This recurring narrative that intelligence agencies are holding back is not good, because it makes it seem like representatives are being misled and are tricked into voting for these authorities, deflecting accountability, which is far more convenient than the truth of them being well-informed and still choosing to support it.




If a senior Senator from the Select Committee on Intelligence says he has been unable to get even preliminary, basic information on the impact of this program from the military, I for one believe him.

The recurring narrative sounds completely correct & shocking & egregious. It sounds like the military is operating completely out of control, with no oversight, because the Senators in charge of oversight say they can't get even basic preliminary information.

Your statement seems dangerous and misleading @willstrafach. If the Senate Select Committee on Intelligence gets nothing, not even basics, something is deeply awry. Who are the cleared representatives? Who has gone and asked serious questions? What does Wyden, who cares deeply, need to do to get whatever clearances you wishfully suggest as magic remedy here? This is fradulent bad misdirection @willstrafachs. It's all suggestion, with not a shred of backing to it.

It's an unacceptably bad and insubstantial reply to one of the most serious, can-kicked-down-the-road the longest issues, a terrible spectre still haunting us from Bush II years. This issue seems never to have been at all handled at all properly, since it's inception, and things are still fast & loose, the basic measures of oversight & responsibility seem deeply obstructed. That's a threat to Democracy, and it constantly throws into peril American trustworthiness under essential programs like EU Privacy Shield.


The purpose of the SSCI and HPSCI is intelligence oversight, so if there was "no oversight" it would be a much bigger deal. You are assuming that as the default, which is equally as dangerous and misleading without substantiation. It is a huge accusation.

I can understand that you don't like ambiguity in my reply, that is fully understandable, but it is not very reasonable to discard it wholesale. I am happy to elaborate.

First, "preliminary, basic information on the impact of this program" is your interpretation, and is a generalization. There are very specific and valid questions Wyden has. Not only that, but he might know the answers to some, as you can see that some in the linked source are "The public doesn't know" whereas others are "No one knows" the answer. For the record, I do agree that the public (beyond cleared reps) should have a whole lot more information to review on these matters for the sake of transparency, but that is not relevant to this current claim of cleared representatives allegedly not getting information.

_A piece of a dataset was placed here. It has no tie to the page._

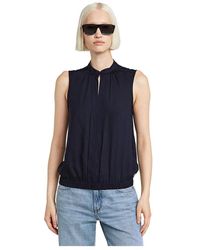 G-Star - G-Star para Mujer Top Stand Up Collar - Lyst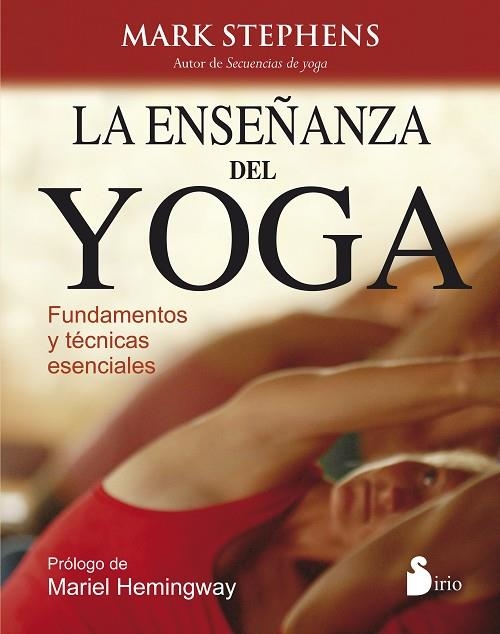 ENSEÑANZA DEL YOGA, LA | 9788416233199 | STEPHENS, MARK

Now the precise issues at hand:

> Who can be targeted by 702 spying?

> A: The public doesn’t know. If you listen to intelligence agency leaders, you would think only foreign terrorists could be targeted for spying under Section 702. But when Sen. Mike Lee, R-Utah, and I asked Director of National Intelligence Dan Coats what broad categories of people could be targeted by this program, he refused to answer the question publicly.

The Snowden leaks additionally showed that beyond counter-terrorism, 702 is used for counter-proliferation, counter-intelligence and tracing cyber attacks as well. Additionally, due to the nature of how every intel agency in every country in the world operates, one can reasonably assume it is probably also used to assess the intentions of foreign government/military leaders, as that is a very basic reason for nation-state level spying.

His use of "the public" implies there is a classified answer given in closed session, in the same manner I described in my previous comment. I agree with him, there is probably little reason to keep this list classified. I am also personally curious if it has changed since the Snowden leaks (Worth noting, if it didn't, the leaks did not de-classify this list so answer would still be "classified" thus the uncertainty).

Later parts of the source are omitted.